I'm not going to go through the rest it would be tedious, however, eventually we reach your /DataSource, this is a name, so we push it on the operand stack. The next thing we encounter is a { that's a procedure definition so we push a mark on the operand stack. We then encounter a 417 so we push that, string, dup, currentfile, exch and readstring, so our stack looks like:
/DataSource
mark
417
string
dup
currentfile
exch
readstring
Then we get the character } That is the closing mark for an executable array, so we create the array and push it onto the operand stack:
/DataSource
{....}
Then we return to the procedure and continue executing it. The next thing we find is some binary data so we try to execute that as PostScript binary tokens. Because it isn't valid the interpreter throws an error.
Just creating an executable array is not sufficient to actually execute it. If you look at the outline code I posted at the end of edit 3 above you will note that I did not put the readstring and so on in an executable array, I simply allowed the interpreter to execute that code immediately.
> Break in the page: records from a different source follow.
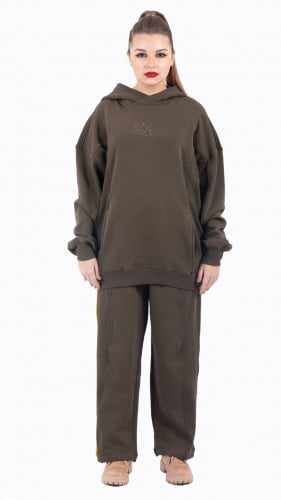 طقم هودي زيتي غامق
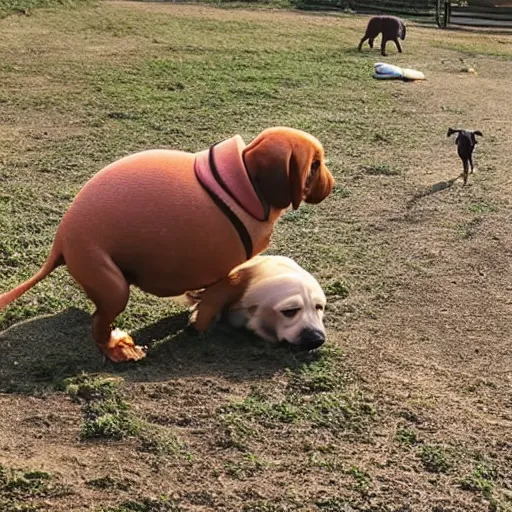 Image similar to A tardigrade and a daschund play together in a dog park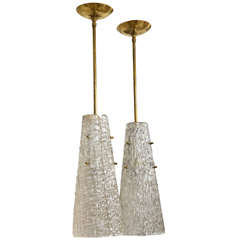 Conical Textured Glass Pendant Ceiling Fixtures with Brass Hardware by Kalmar
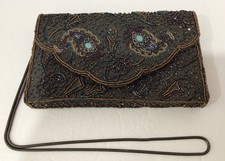 Andre Cellini Multicolored Beaded Evening Bag Snap Close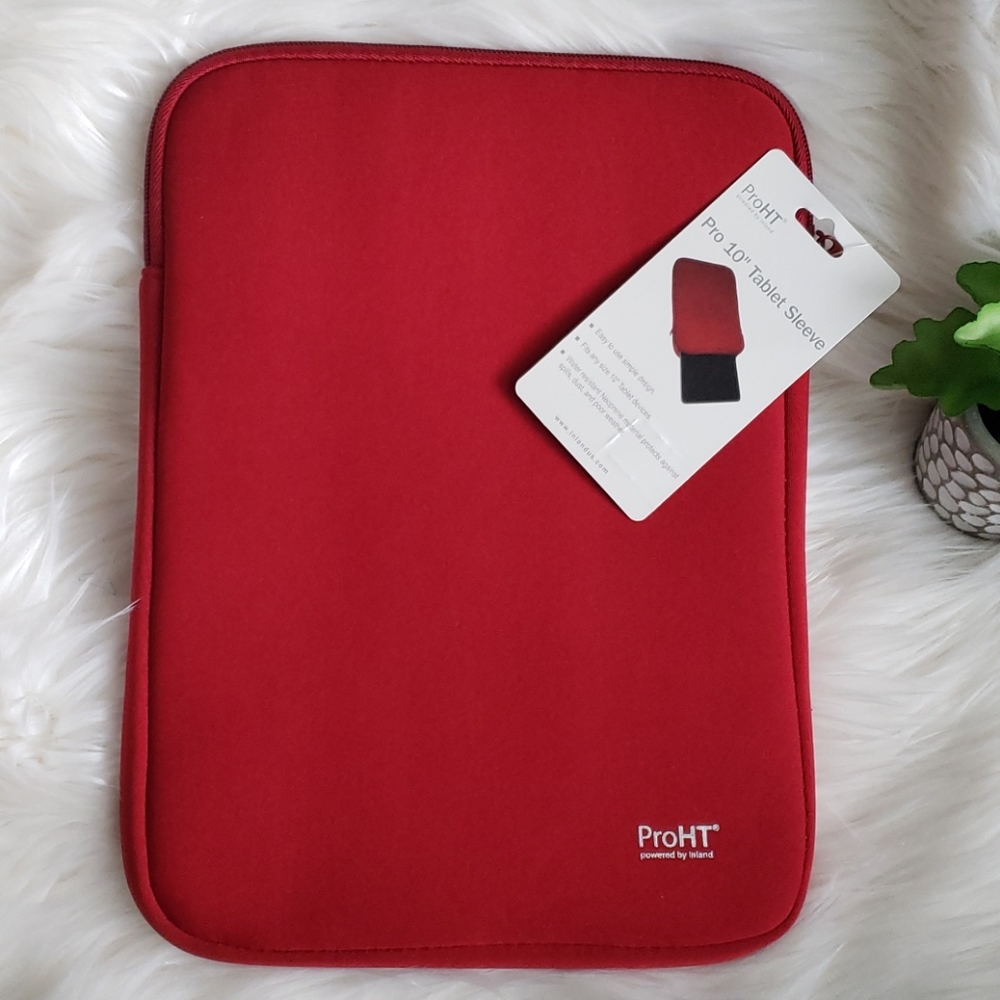 Inland ProHT Pro 10" Red Neoprene Tablet Sleeve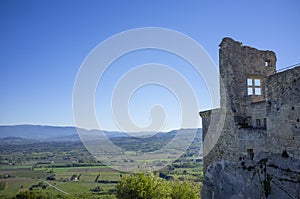 Ruins of the Lacoste Castle, Luberon, Vaucluse, France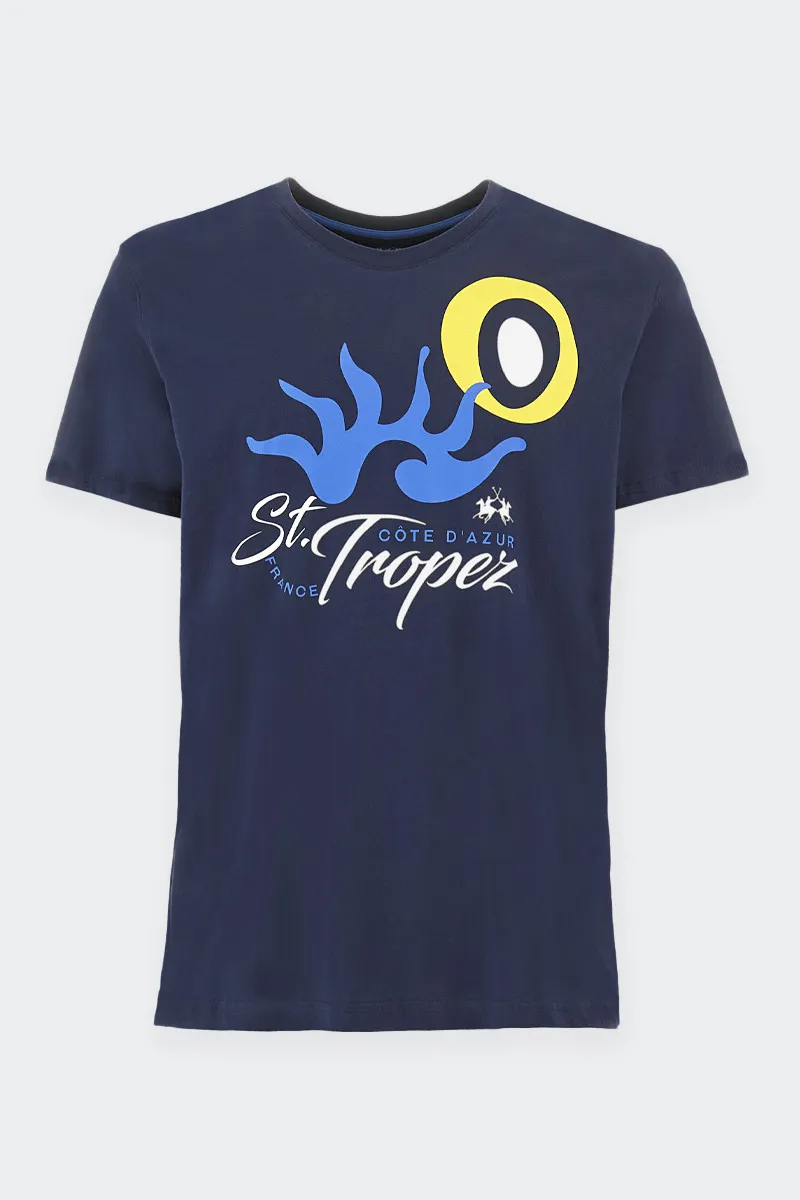 T-SHIRT GIROCOLLO ST.TROPEZ BLU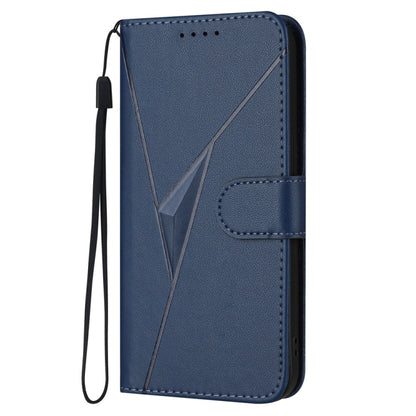 For Samsung Galaxy S25 5G Triangle Pattern Buckle Clasp Leather Phone Case(Royal Blue) - Galaxy S25 5G Cases by buy2fix | Online Shopping UK | buy2fix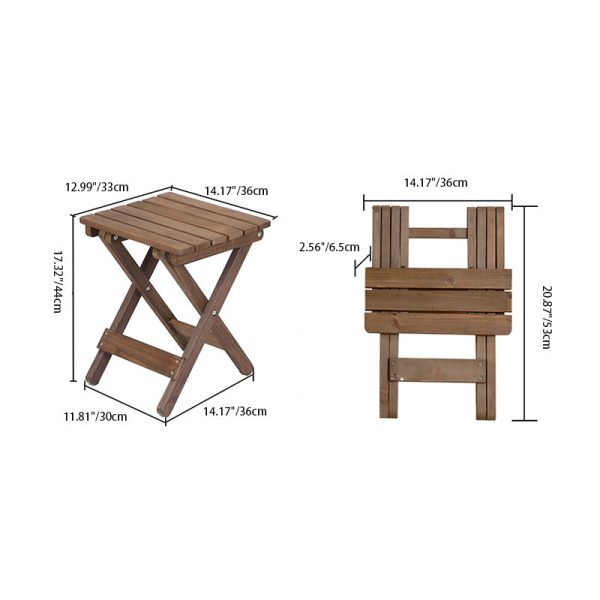 Traditional Rustic Solid Wood Slat Square Foldable End Table For Outdoor - Image 4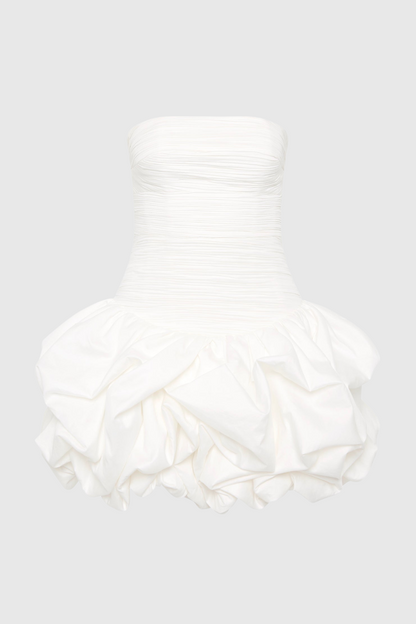 Coleka Floral Print Strapless Ruched Mini Dress - White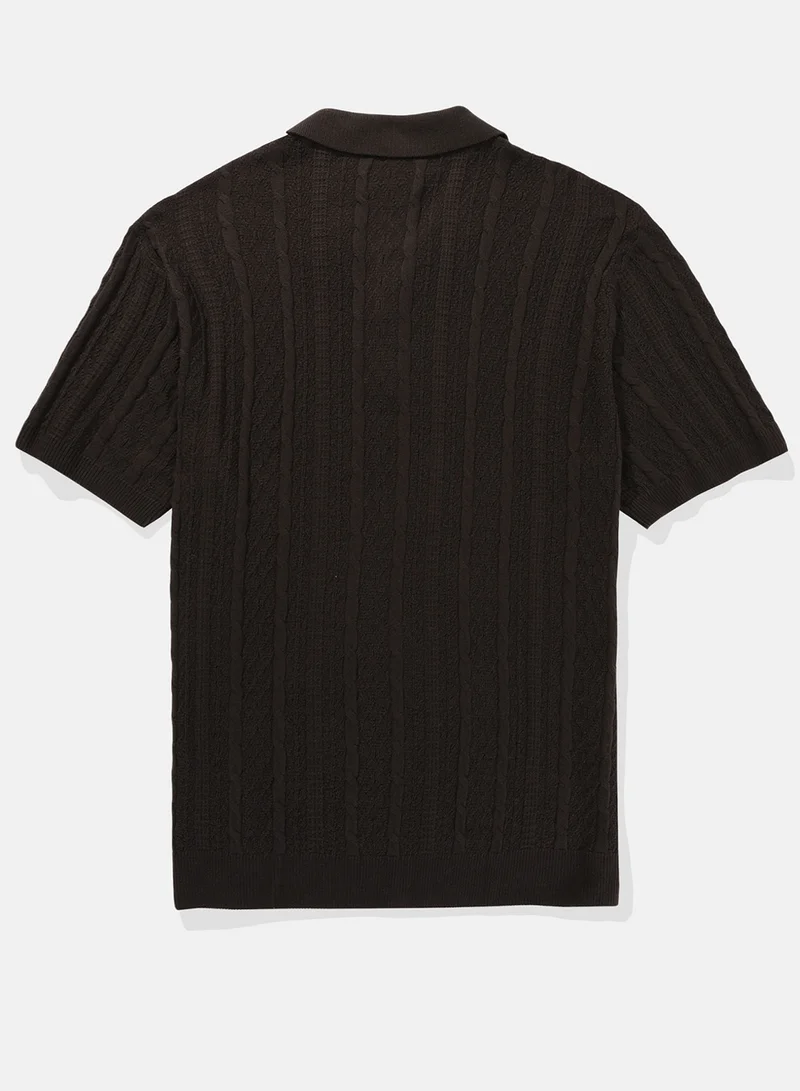 امريكان ايجل Textured Polo Neck Sweater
By doing so the readstring acts on currentfile (the actual PostScript program in this case) and reads bytes of data from the current point in that file. The current point will be immediately after consuming the white space which terminates the readstring, ie the actual binary data. The readstring operator reads enough bytes from the file to fill the string, leaving the string on the operand stack. The file pointer has moved on to the byte after the binary data, and the interpreter resumes token scanning at that point. So it then creates the FilterParams dictionary puts the /FlateDecode name on the stack and then executes the filter operator which consumes the name, the dictionary and the string operands, returning a file object. That file object then becomes the value associated with the DataSource key in the image dictionary which is passed to the imagemask operator.
While I haven't tested that code, its basically correct. There are of course other ways to achieve the same aim.
That's basically about as far as I'm prepared to go with this, you need to go and look at what I've written and compare it with your own program.
Note that the simplest way to investigate this is to take the contents of the CharProc (excluding the setcachedevice) and just run that as a PostScript program.